▶ _RECORDED DATA_:
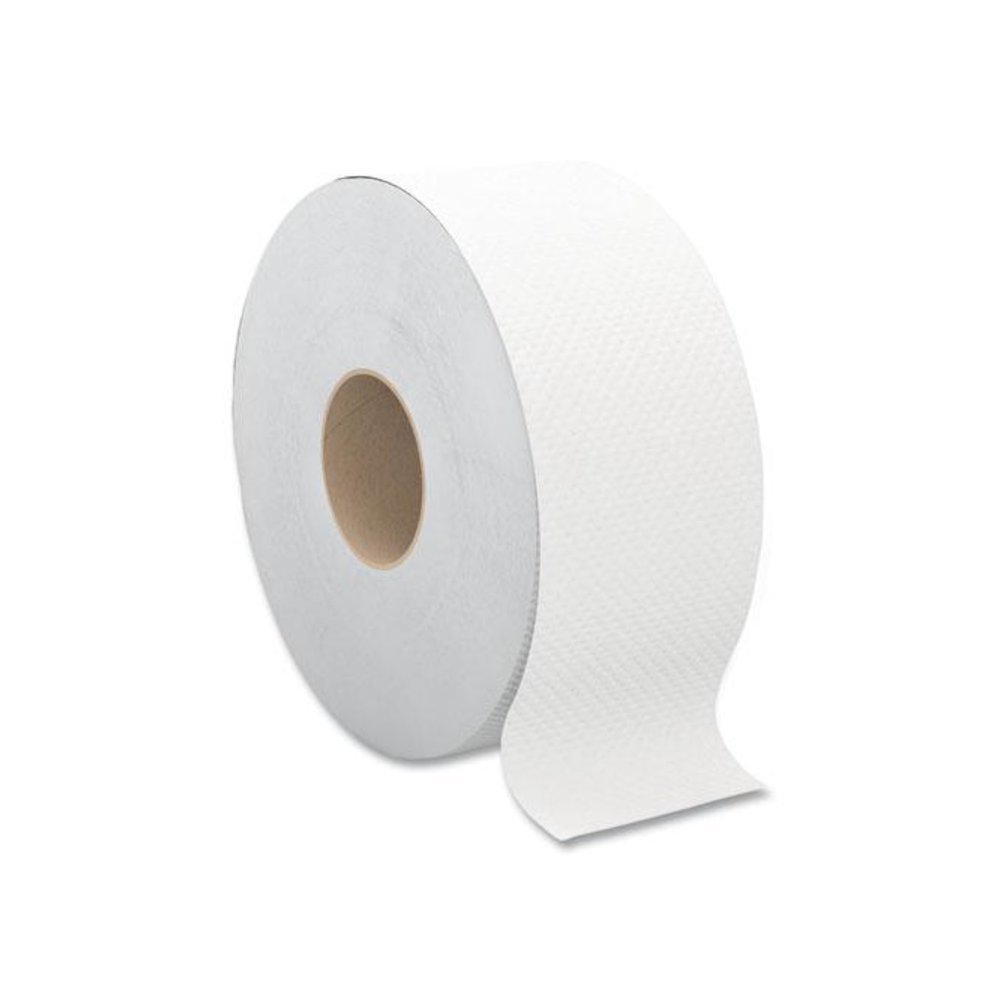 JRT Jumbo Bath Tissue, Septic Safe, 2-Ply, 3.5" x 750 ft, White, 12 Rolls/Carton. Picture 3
...
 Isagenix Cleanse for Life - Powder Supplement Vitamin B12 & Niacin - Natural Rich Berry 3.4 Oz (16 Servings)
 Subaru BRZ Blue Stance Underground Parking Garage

▶ _EXERCISE AIM_:
The response should hold exactly the lines starting at the line with "Isagenix Cleanse for" and ending at the line with "Subaru BRZ Blue", and no other line of the material above.

▶ _OUTPUT FOR THIS TASK_:
 Isagenix Cleanse for Life - Powder Supplement Vitamin B12 & Niacin - Natural Rich Berry 3.4 Oz (16 Servings)
 Subaru BRZ Blue Stance Underground Parking Garage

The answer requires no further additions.